Information shown below:

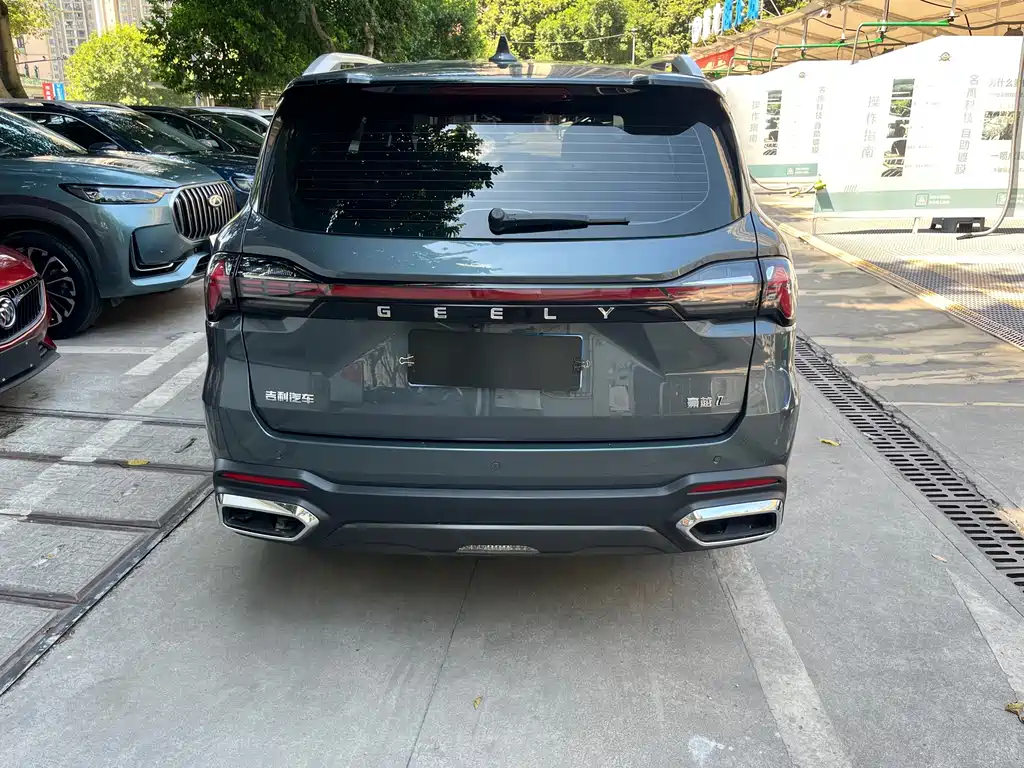 Geely Haoyue L — миниатюра 5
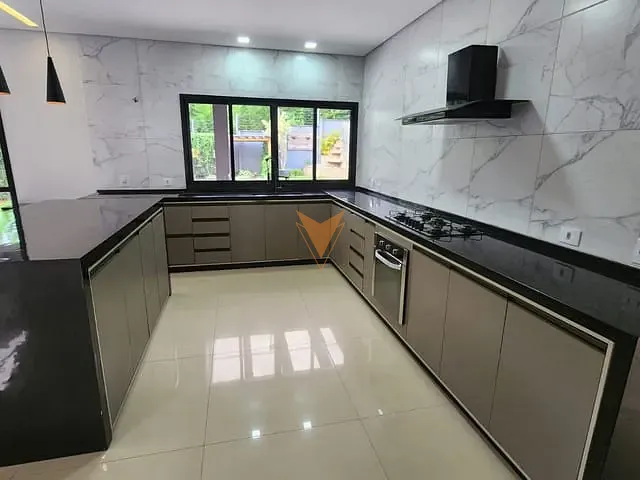 Sobrado com 800m² 4 quartos e 4 banheiros, à venda ou para alugar, no bairro Chácaras São Carlos em Cotia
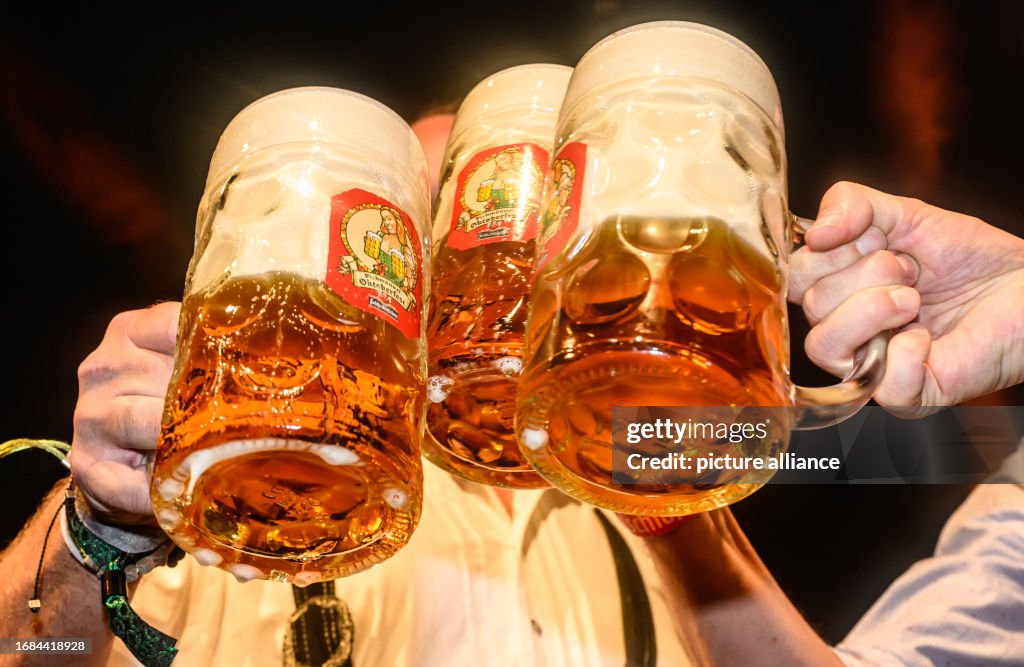 Dresden Oktoberfest keg tapping ceremony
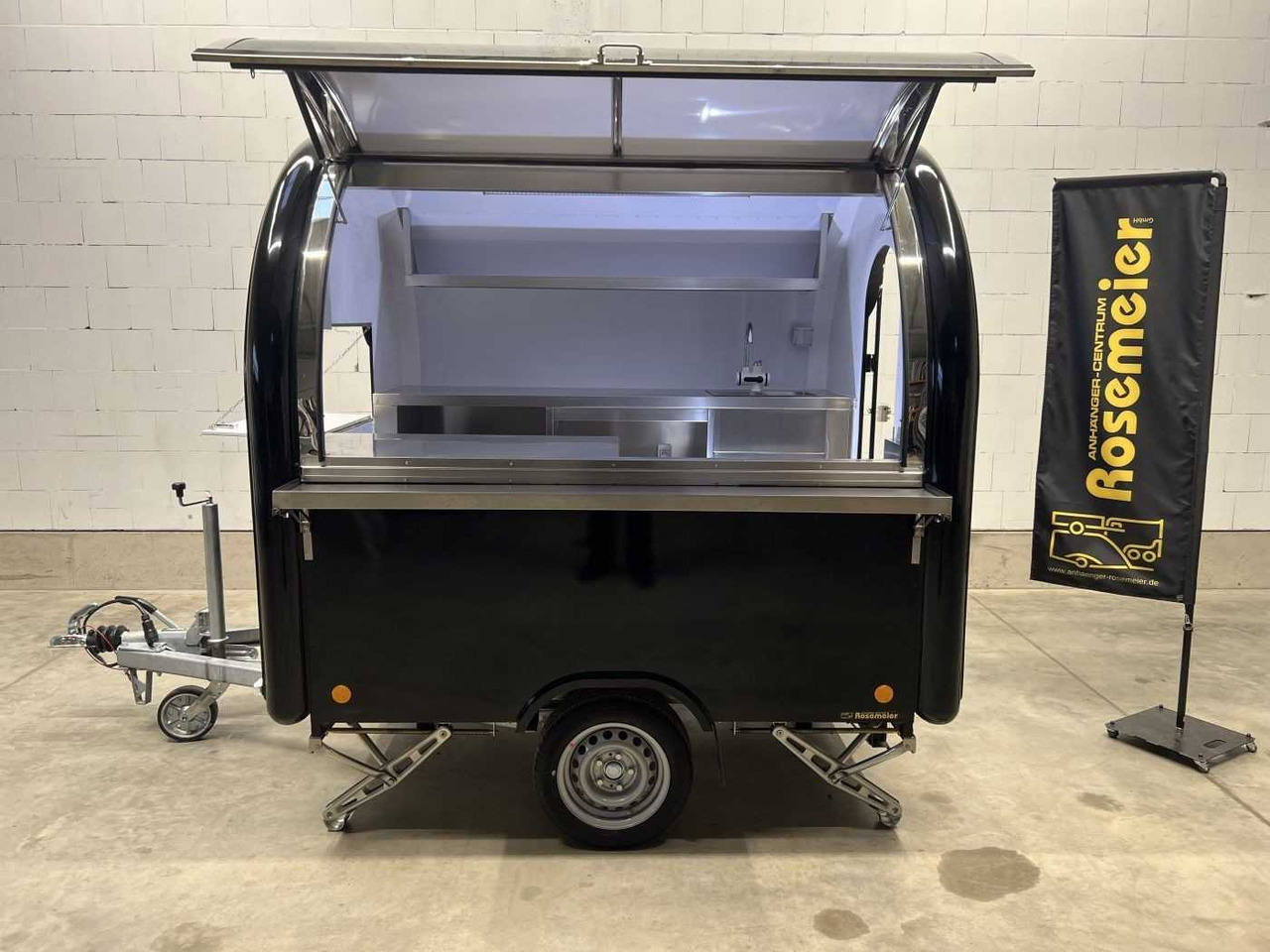 TPV Foodtrailer Modell 2.0 Verkaufsanhänger - Roulote bar: foto 1 TPV Foodtrailer Modell 2.0 Verkaufsanhänger - Roulote bar: foto 1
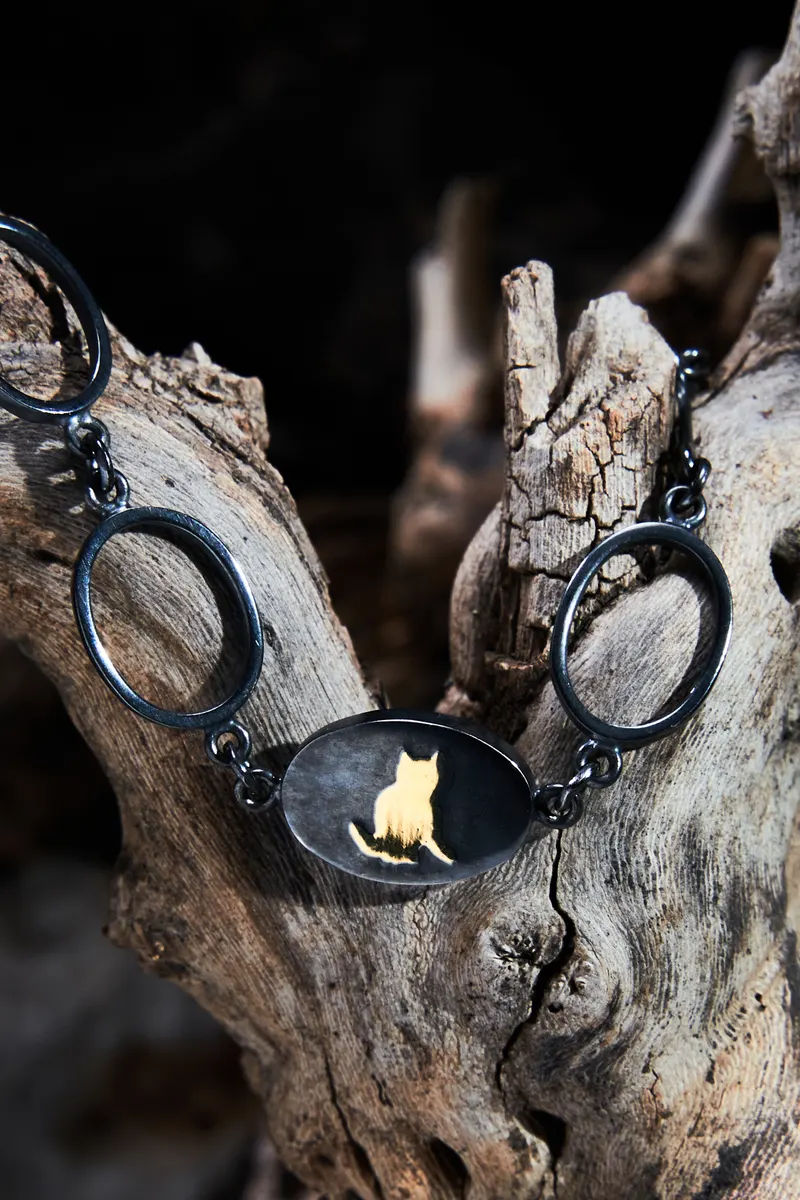 Mosi Jewelry Lucky Charm koleksiyonu, kare 11: bileklik taş üzerinde ürün imaj çekimi, Ankara takı fotoğrafçısı Şems Erik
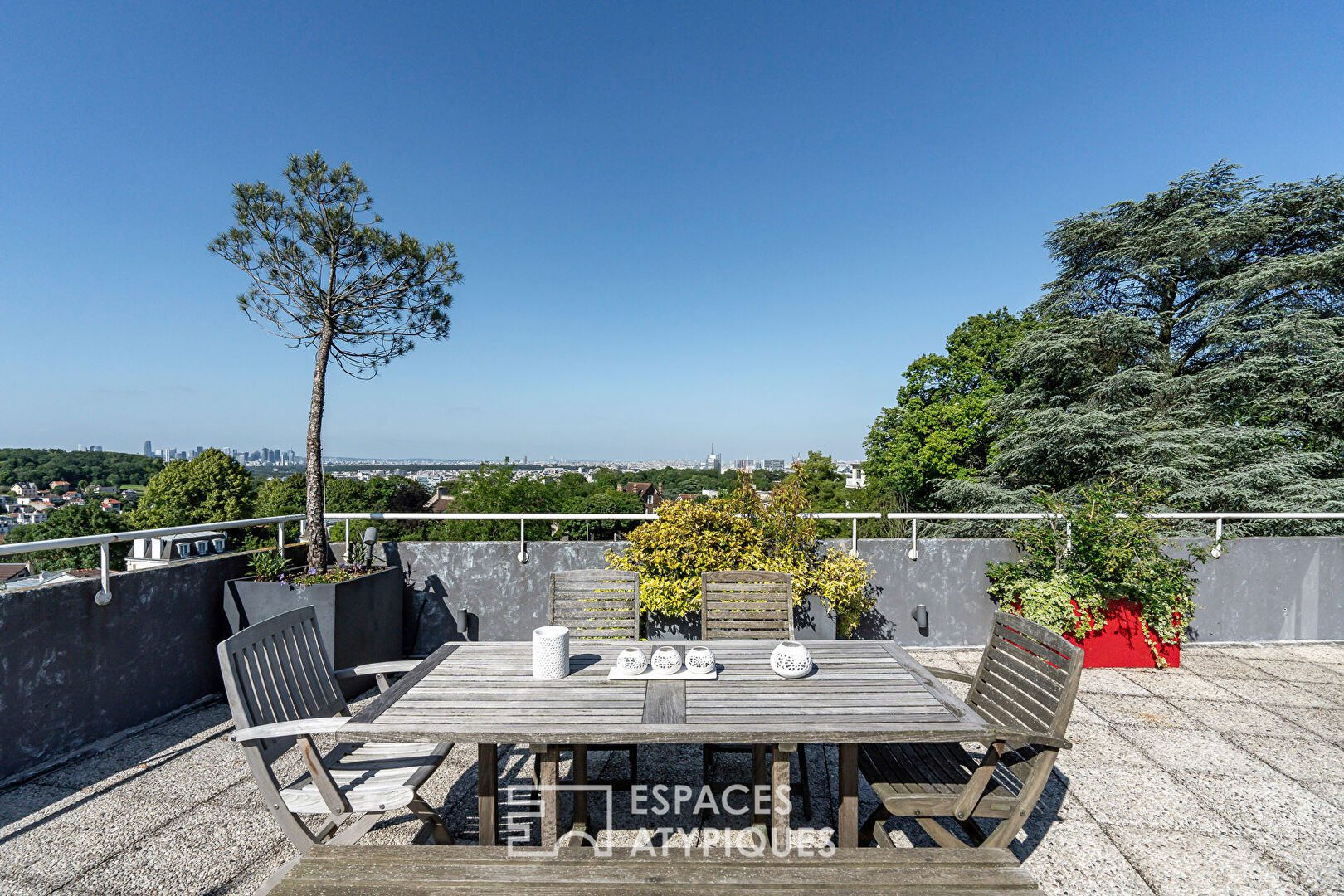 Top floor with roof terrace and breathtaking view in Sèvres Rive-Gauche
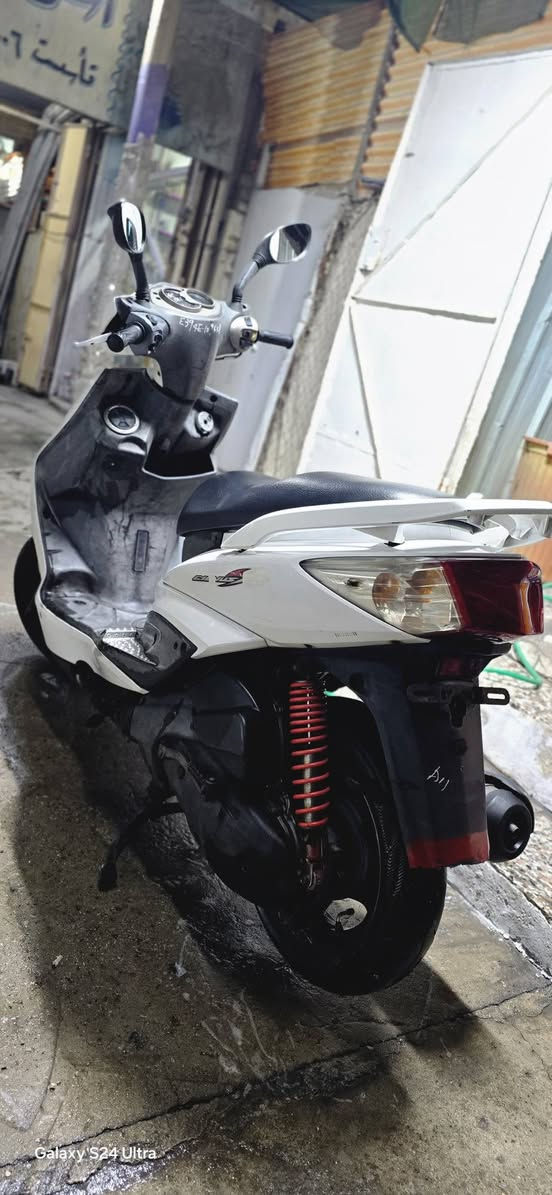 مكلف بل نشر السلام عليكم شباب دراجه للبيع مكفوله من كلشي نضيفه وصار اقل السنه من نازله رمبه جيب وياك فيتر وتعال افحص رقم صاحب الدراجه *********** بغداد الشعب السعر900 الف
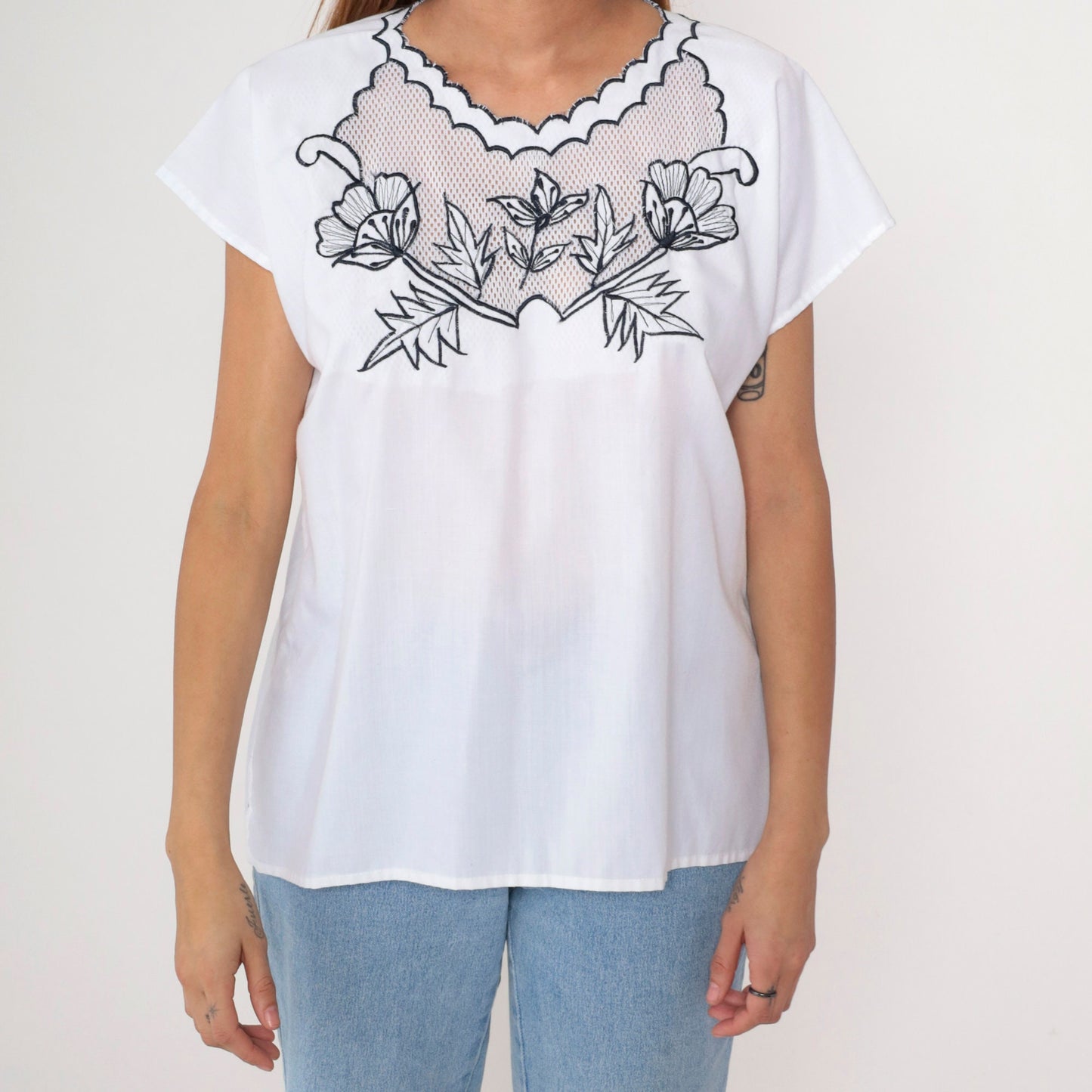Y2K Black Floral Embroidered White Blouse Mesh Neckline Short Sleeve Large L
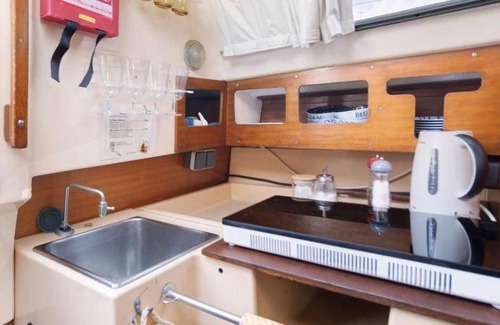 Viana do Castelo Boat Rental | 15 m² Houseboat ∙ 1 bedroom ∙ 6 guests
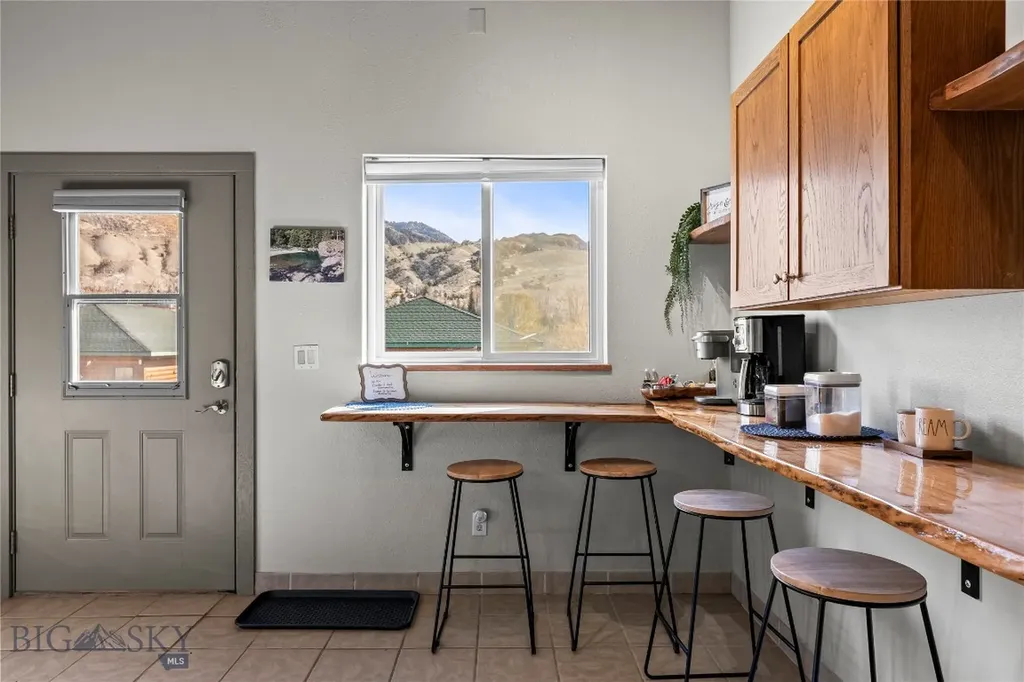 550 Old Yellowstone Trail S Gardiner MT 59030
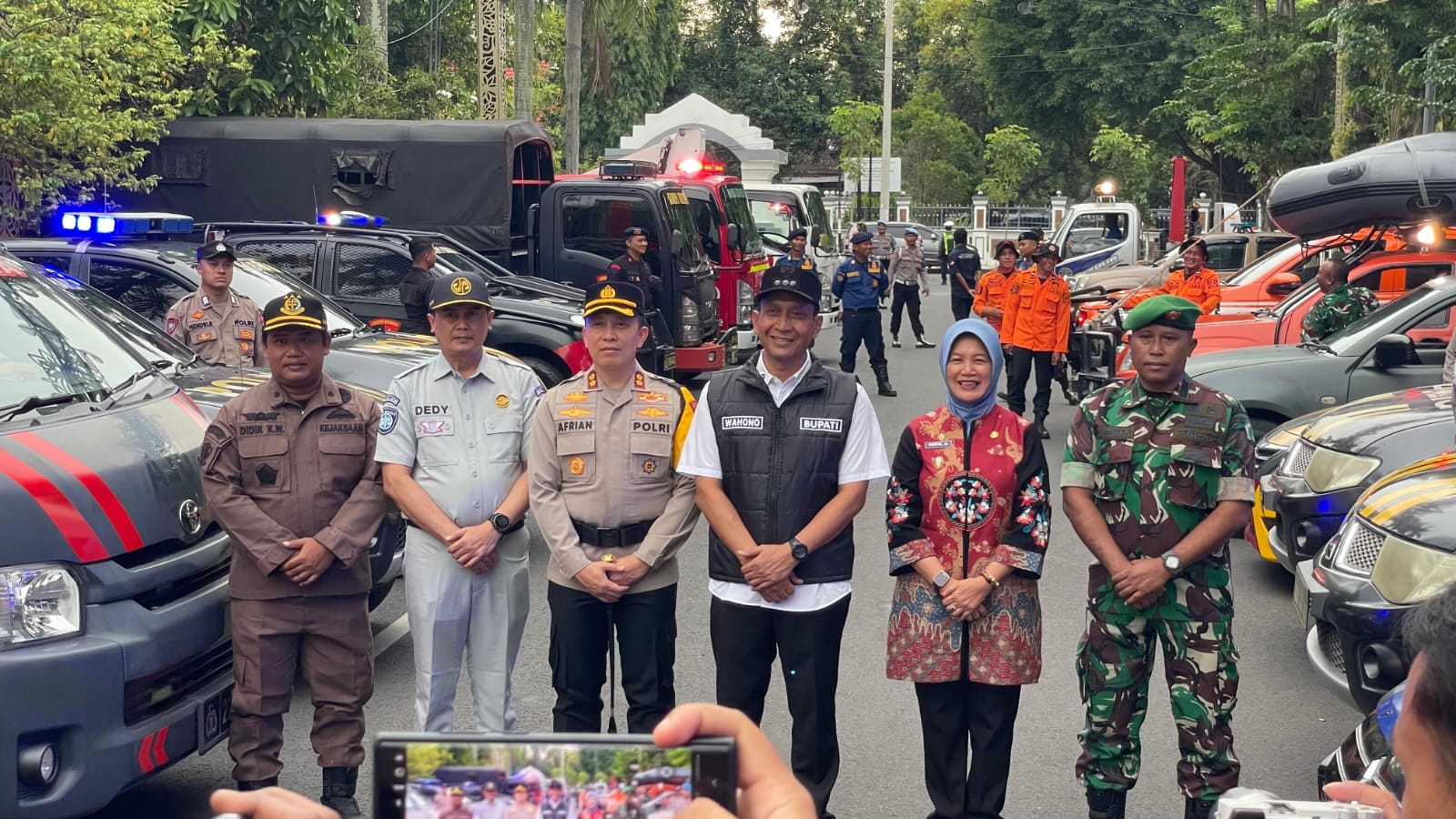 Bupati Bojonegoro Pimpin Apel Gelar Pasukan Operasi Lilin Semeru 2025, Pastikan Kenyamanan dan Keamanan Warga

End of Information shown.

> **Work item**
All of the records above should be written out exactly, with the pictures left out.

> **Solution to this exercise**
 Geely Haoyue L — миниатюра 5
 Sobrado com 800m² 4 quartos e 4 banheiros, à venda ou para alugar, no bairro Chácaras São Carlos em Cotia
 Dresden Oktoberfest keg tapping ceremony
 TPV Foodtrailer Modell 2.0 Verkaufsanhänger - Roulote bar: foto 1 TPV Foodtrailer Modell 2.0 Verkaufsanhänger - Roulote bar: foto 1
 Mosi Jewelry Lucky Charm koleksiyonu, kare 11: bileklik taş üzerinde ürün imaj çekimi, Ankara takı fotoğrafçısı Şems Erik
 Top floor with roof terrace and breathtaking view in Sèvres Rive-Gauche
 مكلف بل نشر السلام عليكم شباب دراجه للبيع مكفوله من كلشي نضيفه وصار اقل السنه من نازله رمبه جيب وياك فيتر وتعال افحص رقم صاحب الدراجه *********** بغداد الشعب السعر900 الف
Y2K Black Floral Embroidered White Blouse Mesh Neckline Short Sleeve Large L
 Viana do Castelo Boat Rental | 15 m² Houseboat ∙ 1 bedroom ∙ 6 guests
 550 Old Yellowstone Trail S Gardiner MT 59030
 Bupati Bojonegoro Pimpin Apel Gelar Pasukan Operasi Lilin Semeru 2025, Pastikan Kenyamanan dan Keamanan Warga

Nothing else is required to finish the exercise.